» Your goal
Transcribe the whole listing below. Pictures do not go in the copy.

» Collected material
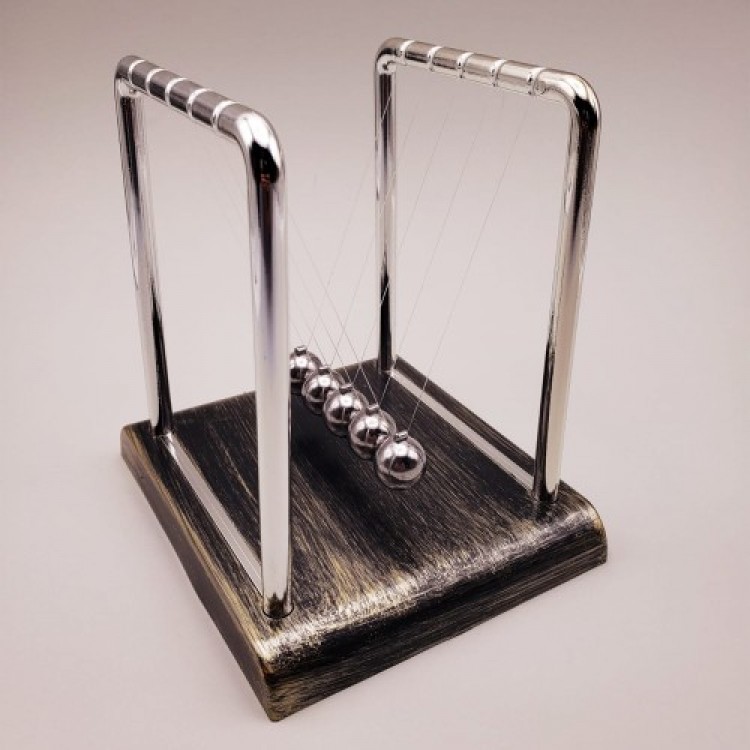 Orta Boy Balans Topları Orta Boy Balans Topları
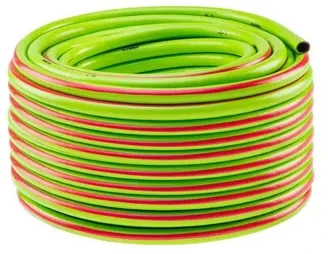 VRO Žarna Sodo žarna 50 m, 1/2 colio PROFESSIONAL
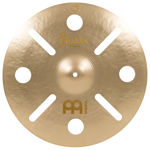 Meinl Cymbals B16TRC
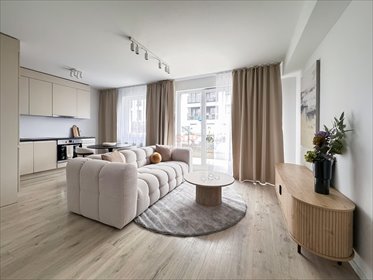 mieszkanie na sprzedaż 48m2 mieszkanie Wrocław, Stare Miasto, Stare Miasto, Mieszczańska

» Written answer
 Orta Boy Balans Topları Orta Boy Balans Topları
 VRO Žarna Sodo žarna 50 m, 1/2 colio PROFESSIONAL
 Meinl Cymbals B16TRC
 mieszkanie na sprzedaż 48m2 mieszkanie Wrocław, Stare Miasto, Stare Miasto, Mieszczańska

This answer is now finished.